The Democratic Republic of Timor-Leste (also known as East Timor), in Southeast Asia, is made up of several islands, including the eastern half of Timor, Atauro, and Jaco. Australia is Timor-Leste’s neighbor to the south, separated by the Timor Sea. Timor-Leste’s predominantly mountainous terrain is home to 1.4 million people, with most living in the western portion of the country in or around the capital of Dili. The Timorese population is ethnically diverse, including groups such as Austronesian, Melanesia-Pauan, Bunak, Fataluku, Bakasai, Tetun, Mambai, Tokodede, Galoli, Kemak, and Baikeno. Because of this diversity, the population speaks a variety of languages including the official languages of Tetun and Portuguese alongside English, Indonesian, and 32 other indigenous languages. The vast majority of the population, as much as 98 percent, identifies as Roman Catholic.
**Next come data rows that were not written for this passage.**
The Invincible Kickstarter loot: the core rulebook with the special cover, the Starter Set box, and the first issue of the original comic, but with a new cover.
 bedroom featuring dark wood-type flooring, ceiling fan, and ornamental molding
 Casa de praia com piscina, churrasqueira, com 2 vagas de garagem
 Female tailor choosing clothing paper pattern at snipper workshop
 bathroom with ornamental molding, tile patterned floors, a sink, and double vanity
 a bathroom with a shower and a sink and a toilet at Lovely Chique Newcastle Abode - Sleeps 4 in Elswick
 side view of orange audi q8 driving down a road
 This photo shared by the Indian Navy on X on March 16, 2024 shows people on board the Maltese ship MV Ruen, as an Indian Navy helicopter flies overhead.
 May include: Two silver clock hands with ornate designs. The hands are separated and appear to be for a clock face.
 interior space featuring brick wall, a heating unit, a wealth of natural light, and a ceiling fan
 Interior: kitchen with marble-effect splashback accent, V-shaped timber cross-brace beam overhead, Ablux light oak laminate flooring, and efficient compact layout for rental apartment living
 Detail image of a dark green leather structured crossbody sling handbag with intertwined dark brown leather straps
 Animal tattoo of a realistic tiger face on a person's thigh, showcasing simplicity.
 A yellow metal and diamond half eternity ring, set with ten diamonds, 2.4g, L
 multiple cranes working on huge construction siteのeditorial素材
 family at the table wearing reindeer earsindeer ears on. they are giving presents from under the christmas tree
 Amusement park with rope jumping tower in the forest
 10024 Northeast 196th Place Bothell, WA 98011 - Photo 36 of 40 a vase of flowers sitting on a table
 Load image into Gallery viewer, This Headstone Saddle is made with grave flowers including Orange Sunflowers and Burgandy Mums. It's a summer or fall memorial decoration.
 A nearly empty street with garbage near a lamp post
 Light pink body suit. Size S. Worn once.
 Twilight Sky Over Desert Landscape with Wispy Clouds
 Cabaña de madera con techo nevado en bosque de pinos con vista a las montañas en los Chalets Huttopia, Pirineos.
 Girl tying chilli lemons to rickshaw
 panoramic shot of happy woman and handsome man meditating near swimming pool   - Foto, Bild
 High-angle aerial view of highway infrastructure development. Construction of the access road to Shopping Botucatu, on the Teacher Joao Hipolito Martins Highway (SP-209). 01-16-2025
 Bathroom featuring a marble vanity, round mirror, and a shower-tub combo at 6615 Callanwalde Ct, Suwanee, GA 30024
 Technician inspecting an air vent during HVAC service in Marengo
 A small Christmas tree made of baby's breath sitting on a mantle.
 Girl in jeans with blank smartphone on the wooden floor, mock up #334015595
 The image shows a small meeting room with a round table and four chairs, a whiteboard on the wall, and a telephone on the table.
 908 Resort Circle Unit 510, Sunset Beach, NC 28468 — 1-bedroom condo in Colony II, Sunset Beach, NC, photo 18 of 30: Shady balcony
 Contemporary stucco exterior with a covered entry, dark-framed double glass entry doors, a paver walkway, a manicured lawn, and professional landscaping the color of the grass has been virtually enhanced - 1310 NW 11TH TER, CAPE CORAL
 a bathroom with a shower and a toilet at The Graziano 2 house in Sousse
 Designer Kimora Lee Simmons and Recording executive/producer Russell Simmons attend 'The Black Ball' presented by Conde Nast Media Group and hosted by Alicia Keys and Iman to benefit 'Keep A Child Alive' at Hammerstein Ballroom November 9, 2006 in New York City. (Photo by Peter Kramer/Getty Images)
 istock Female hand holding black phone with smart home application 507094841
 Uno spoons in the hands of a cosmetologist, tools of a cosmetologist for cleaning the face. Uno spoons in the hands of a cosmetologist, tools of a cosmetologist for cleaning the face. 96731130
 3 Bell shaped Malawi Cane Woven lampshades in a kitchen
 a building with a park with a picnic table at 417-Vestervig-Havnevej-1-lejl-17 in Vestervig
East Timor was at one time colonized by Portugal and was called Portuguese Timor. It gained independence in 1975, only to be invaded by Indonesia shortly thereafter. The Indonesian occupation lasted for several violent decades, as East Timor struggled for true independence. In 1999, Indonesia relinquished control of East Timor, and Timor-Leste was named a sovereign state in 2002. Despite being a relatively new country with an impoverished population, progress has been made on Timorese living standards. Overall poverty levels decreased from 50 percent to 42 percent between 2007 and 2014. Agriculture is a major component of the Timorese economy, and employs a majority of the population. However, in terms of value, offshore natural gas deposits and hydrocarbon production make up the largest portion of the economy.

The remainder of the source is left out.